Your task:
Return the data verbatim, without pictures.

++++ Information supplied ++++

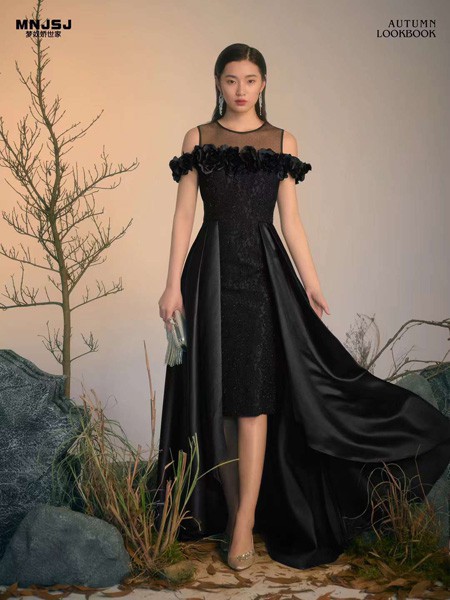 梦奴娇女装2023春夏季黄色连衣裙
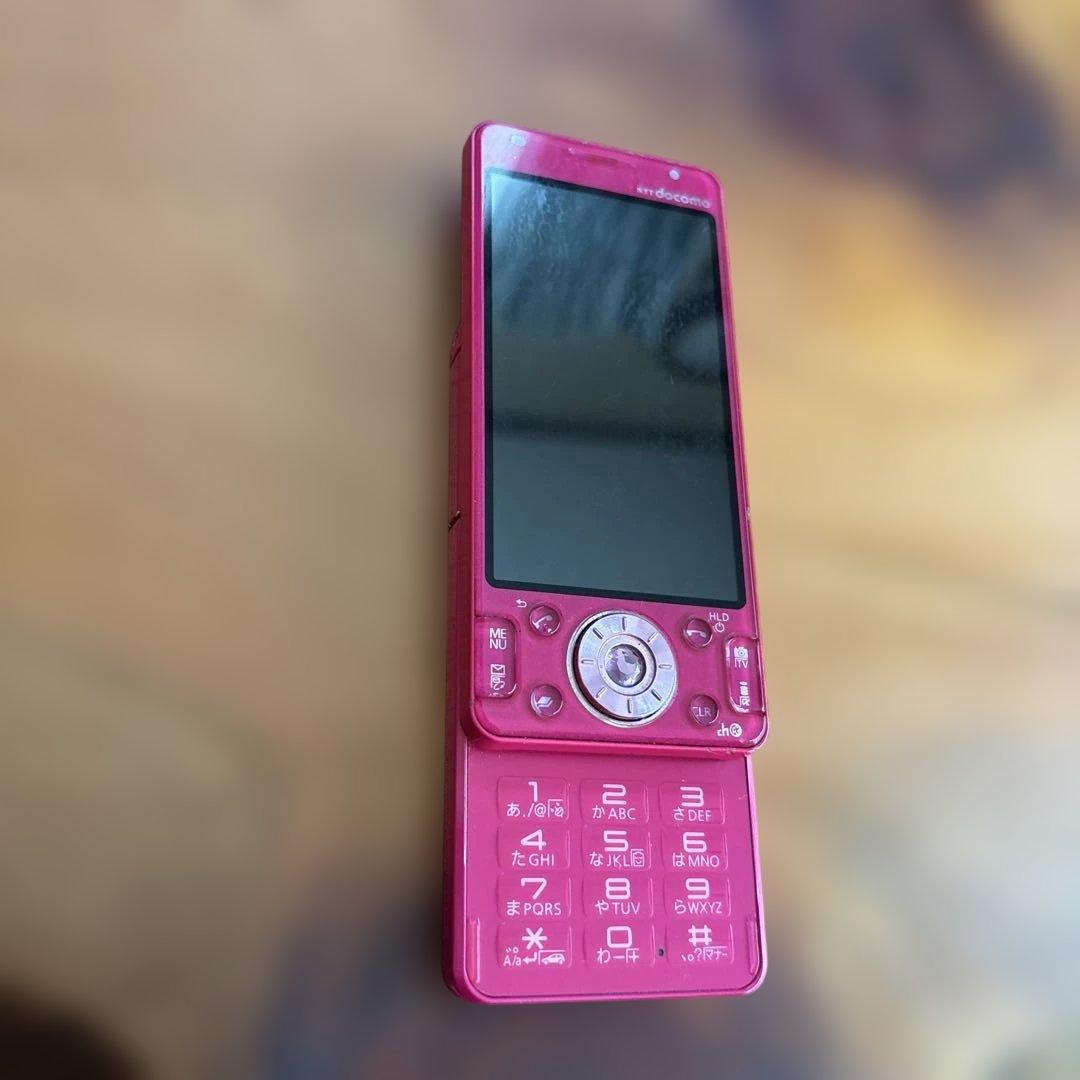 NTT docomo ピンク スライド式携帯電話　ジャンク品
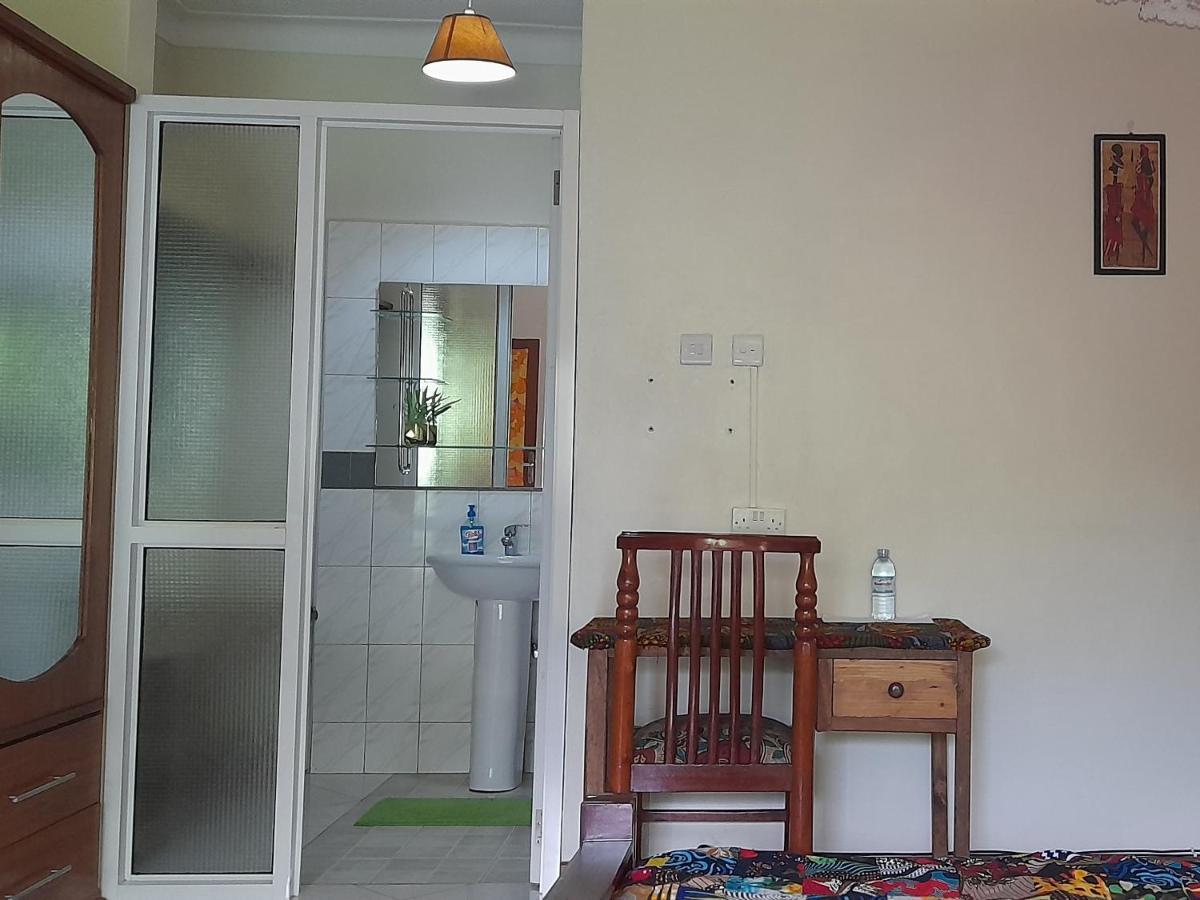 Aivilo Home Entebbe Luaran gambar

++++

Output:
 梦奴娇女装2023春夏季黄色连衣裙
 NTT docomo ピンク スライド式携帯電話　ジャンク品
 Aivilo Home Entebbe Luaran gambar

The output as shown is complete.